Los Angeles - On the popular kids' TV show Zoey 101, she plays a butter-wouldn't-melt-in-her mouth goodie-goodie. In real life, her character was a little different. Jamie Lynn Spears, the 16-year-old sister of troubled pop star Britney Spears, announced her pregnancy to the world Wednesday.
In an "exclusive interview" with OK magazine, the younger Spears said she was "shocked" to be in the family way after having sex with her boyfriend, Casey Aldridge, the 19-year-old son of a papermill worker in her home state of Louisiana, whom she reportedly met at church.
Spears is perhaps the most famous young teenager to become publicly pregnant in recent years, and her situation immediately became the topic of the day in the US news media.
Experts said that Spears's status as a role model could weaken the taboo of teen pregnancy. But they also acknowledged that it could focus attention on the problem and provide educators and parents with a teachable moment to talk to kids about the dangers of unprotected sex.
"This is a very shocking and bad lesson for kids," said child psychologist Judy Korianski. "Kids look up to the character that she plays. They confuse who the star is with who the kid is. This is a lesson for parents to talk to their kids about safe sex."
That's probably not what they were thinking in the White House. Since taking office seven years ago US President George W Bush has backed a sex-education policy that preaches abstinence until marriage, rather than what most professionals view as the far more effective method of advising kids to delay sex while also teaching them how to engage in safer sexual behaviour.
The news of Spears' pregnancy came less than two weeks after a government report found that the incidence of teen pregnancy was rising for the first time since 1991.

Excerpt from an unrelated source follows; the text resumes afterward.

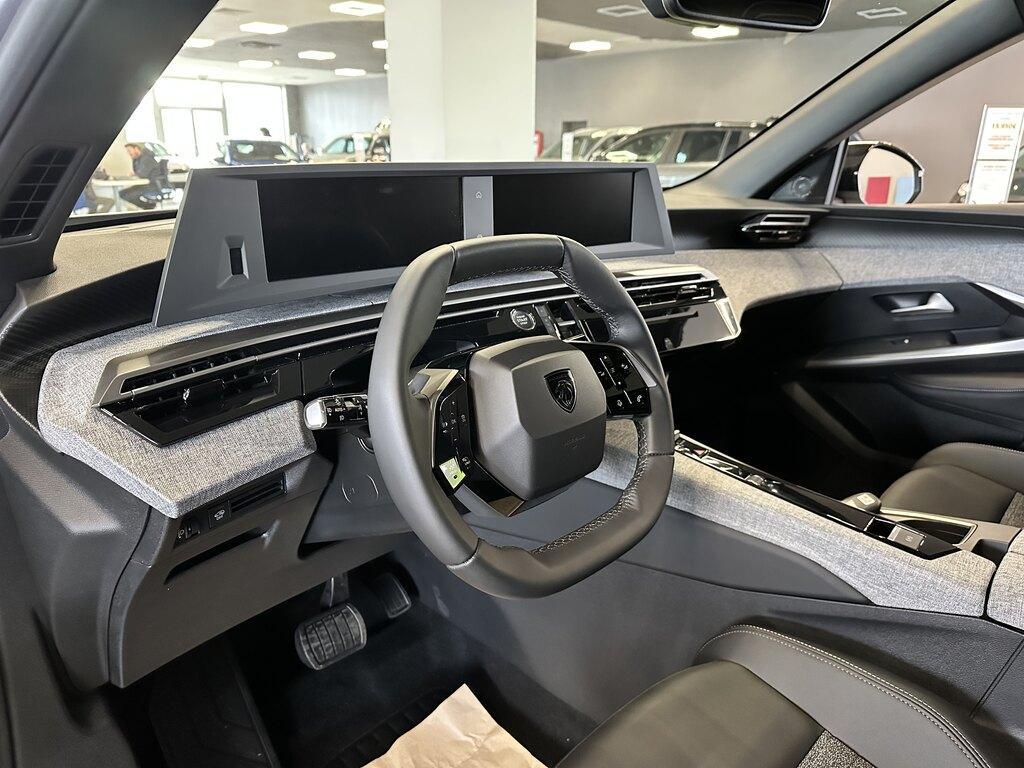 Peugeot 3008 1.2 Hybrid Allure e-DCS6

According to the US Centres for Disease Control and Prevention, the 2006 teen birth rate was 41.9 births per 1,000 females aged 15- 19, compared to 40.5 births per 1,000 in 2005. It was the first increase in 15 years.
Health care professionals are unsure how to interpret the figures, whether they represent a mere blip or a reversal in the long-term trend.
"It's way too early to know if this is the start of a new trend," said Stephanie Ventura, head of the CDC's reproductive statistics branch. "But given the long-term progress we have witnessed, this change is notable."
According to Planned Parenthood, the federal government has spent more than 1.5 billion dollars on abstinence education since Bush took office. Cash-strapped states are required to match the federal spending, meaning they often have no money left over for more effective sex education.
The result is that "fewer than half of public schools in the US now offer information on how to obtain birth control, and only a third include discussion of abortion and sexual orientation in their curricula," according to Planned Parenthood.
Research has shown that in the sexually provocative society of the modern United States, abstinence education is like spitting into the wind.
Some 88 per cent of teens who pledge to keep their virginity in school still engage in premarital sex but are less likely to use contraceptives than other kids. Planned Parenthood blamed a policy that it says amounts to censorship of sex education, as one of the prime reasons that the US has the highest rate of teen pregnancy in the developed world.
That sexual illiteracy might be why Spears said that both she and her boyfriend were in "complete and total shock" when they found out she was pregnant.
"That Spears was shocked that she was pregnant suggests that she wasn't ready to have sex," said Bill Albert, deputy director of the National Campaign to Prevent Teen and Unplanned Pregnancy. "Anyone who has sex can get pregnant, and if you don't know that, you probably shouldn't be having sex. Zoey 101 needs sex education 101."